As I mentioned above, though in a rare move Turkish media organizations have emerged with one voice to criticize the latest detentions of journalists, including Ekrem Dumanlı, the editor-in-chief of Turkey's bestselling Zaman daily, and Hidayet Karaca, the general manager of the Samanyolu Broadcasting Group, this does not signal that their highly politicized character will change overnight. This is because the Turkish media culture does not allow it to adapt to changes in the right direction in a short time.
Moreover, there are those Turkish journalists who can so grossly violate media ethics that it can sometimes be necessary to settle the dispute in court to prevent them from repeating their violation of the basic press rules of respecting the privacy and rights of others.
Among such journalists who violate media ethics is Ahmet Şık, who has nowadays emerged again, as if he is a hero of ethical journalism.
Şık is currently being tried on charges related to writing the book “The Imam's Army” on the life and work of respected Islamic cleric Fethullah Gülen and his movement, in a highly critical fashion.
The senior journalists who were detained on Dec. 14 are from pro-Gülen media outlets.
Şık, who served in prison before being released in 2013 pending trial, did not deserve the criminal procedure launched in 2011 over writing a book critical on any topic, which had not even been published at the time he was arrested. The draft book was later seized by the government and banned, claiming it was an "illegal organizational document" of the secret Ergenekon organization.
However, the same Ahmet Şık did, perhaps, deserve to face a legal procedure for grossly violating media ethics in the way he ran an interview that I gave him in 2007, soon after the murder of Turkish-Armenian journalist Hrant Dink.

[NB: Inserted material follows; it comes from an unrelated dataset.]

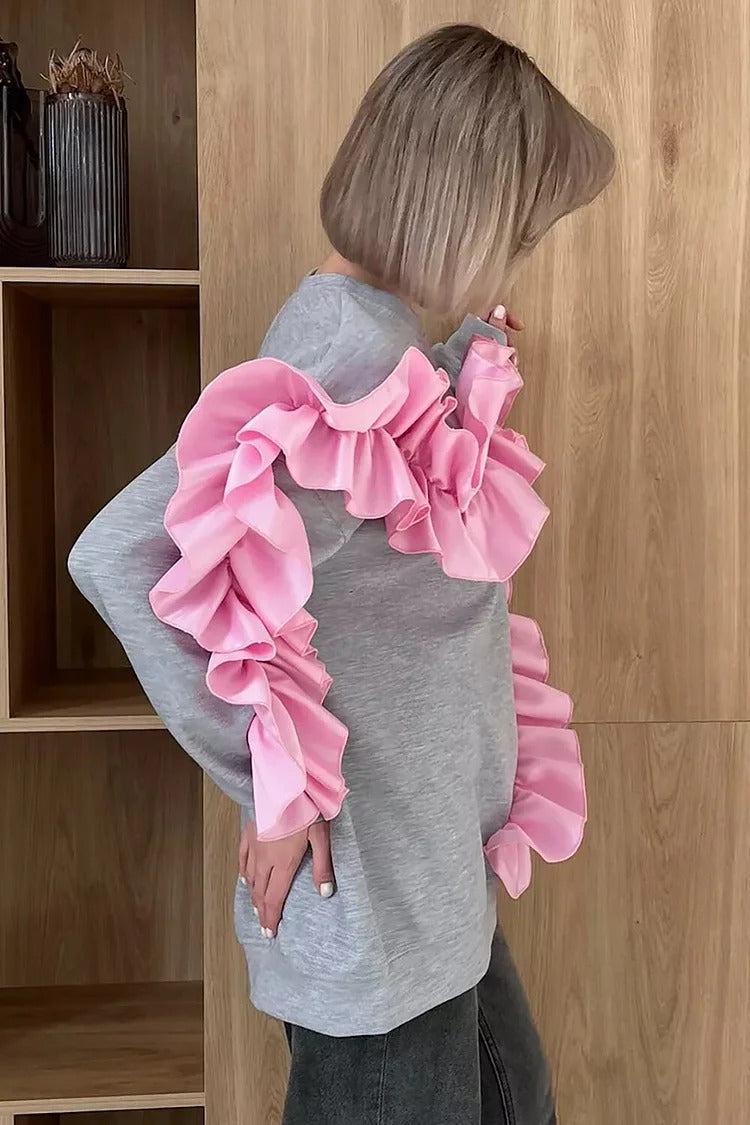 Gray Colorblock Ruffle Sweatshirt - Emma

I agreed to give Şık an interview when a professor friend of mine stood as a reference for him. Hence, trusting him, I talked to him openly but off the record, receiving a promise from him that he would show me the text before it was published. I asked to preview the copy because I had used some vulgar terms about gendarmerie and police personnel in reaction to pictures published in dailies of them posing with the would-be assailant of Dink, making victory signs.
In a democratic country, of course, these security officials should have stood trial, but they did not.
Nevertheless, Şık not only ran the interview in the draft form in the now-defunct Nokta magazine in 2007 without showing me the text of my interview beforehand, he also did not even bother to make grammatical corrections to the interview, an indication of his carelessness and indifference to media ethics.
Especially in a country like Turkey, where there exists the infamous Article 301 of the Turkish Penal Code (TCK), which makes it illegal to insult Turkey, the Turkish nation or Turkish government institutions, Şık should have acted more responsibly. Even if he did not show me the text, at least he should not have used some terminology in the interview that he should have known could constitute a crime under Turkish law.
I was on trial for around two-and-a-half years on charges of insulting Turkish institutions, i.e., the gendarmerie, under Article 301 before I was acquitted, just because Şık brutally betrayed his interviewee, i.e., me, by running the interview without me making the necessary corrections to it before it was published. Another journalist, Ruşen Çakır, wrote an article attacking me while defending Şık's unethical journalism.
I wanted to remind the readers about my horrible experience with Şık's unethical journalism because he has now been appearing on some TV programs giving lessons to the media, and in particular to the pro-Gülen media, accusing those journalists of being seriously immoral in their coverage of events and saying that they have to be willing to examine themselves critically.
I advise Şık that it would be better to keep quiet on the issue of morality and concentrate on his ongoing legal case, which is, in fact, a violation of media freedom.